A descoberta foi realizada durante consulta ao acervo do Real Gabinete Português de Leitura, gigantesca biblioteca do Rio de Janeiro fundada no século XIX, e se mostrou ainda mais intrigante quando a pesquisadora constatou o nome do romance: Georgiana, ninguém mais, ninguém menos que a esposa do escritor José de Alencar (1829-1877).
O fato é que, embora já fossem de conhecimento público alguns relatos que insinuavam a existência desse romance, como os de Humberto de Campos (1886-1934), publicados em seu polêmico Diário Secreto – obra póstuma com inconfidências e impressões pessoais do autor sobre celebridades literárias diversas –, até então tudo sobre a suposta prosa de Machado com Georgiana não passava de objeto de especulações e mexericos. Guimarães Rosa, em correspondência trocada com um de seus tradutores, manifestava uma opinião muito cética a respeito dessas especulações: “Essa prosa com Georgiana soa como romance realista, mas é só ficção barata. Quer ser história, mas é só estória”.
“Hoje, no entanto, temos finalmente provas desse romance oculto”, diz a pesquisadora. Segundo Vergueiro, as evidências podem ser comprovadas por meio de “suspiros”, “galanteios” e “galanterias” que Machado apresentava com frequência em romances, tudo isso disfarçado sob a identidade de “Boas Noites” – um dos vários pseudônimos que o escritor usou ao longo da vida.
Ainda assim, sua tese é controversa.

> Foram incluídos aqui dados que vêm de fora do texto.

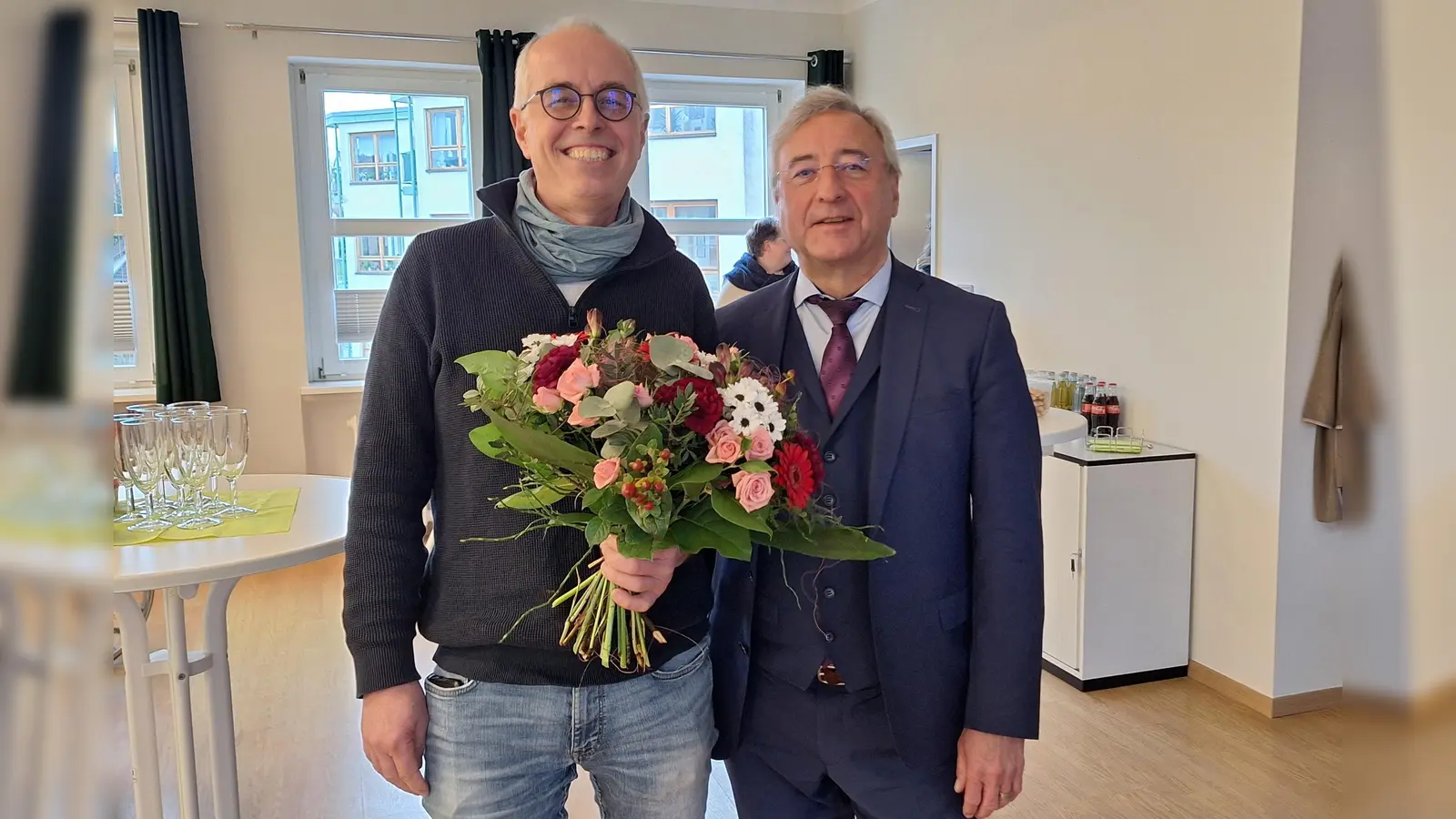 Vorstand Martin Kupper (rechts im Bild) gratulierte Harald Kremser zum Dienstjubiläum mit einem Blumenstrauß. (Foto: privat)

O doutor em Letras Domício Proença Filho, ex-presidente da Academia Brasileira de Letras, acha exagero ver indícios suficientes nesses “galanteios” e acredita que é preciso cautela antes de atribuir tal romance ao escritor: “É um estilo ousado, transgressor e atirado demais para o próprio Machado”, observa. “Ele até chegou a cometer lá seus desvios de estilo, mas só quando era mais novo. Não acredito que ele tenha sido capaz duma prosa tão atrevida com Georgiana, mulher de seu grande amigo e patrono na ABL”.

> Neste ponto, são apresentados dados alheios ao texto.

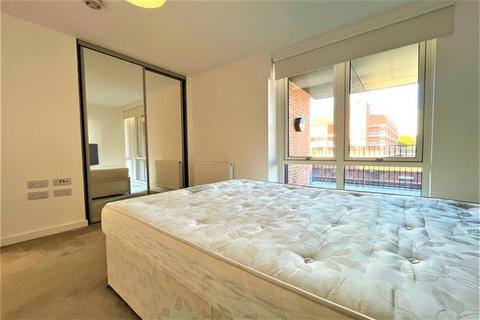 2 bedroom flat to rent, 12 Copenhagen Place, London E14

Diversos editores manifestaram interesse em tornar público o romance, mas a ABL – da qual Machado foi um dos fundadores – já entrou com uma ação na Justiça para proibir sua divulgação. Filólogos também se manifestaram a favor dessa medida. “Machado era zeloso das tradições. Sempre foi conhecido por prosas corretas e estilo sóbrio. Por que querem lhe atribuir agora esse romance adúltero, com vícios e impurezas?”, questionou o professor Castelar de Carvalho, autor do Dicionário de Machado de Assis e membro da Academia Brasileira de Filologia.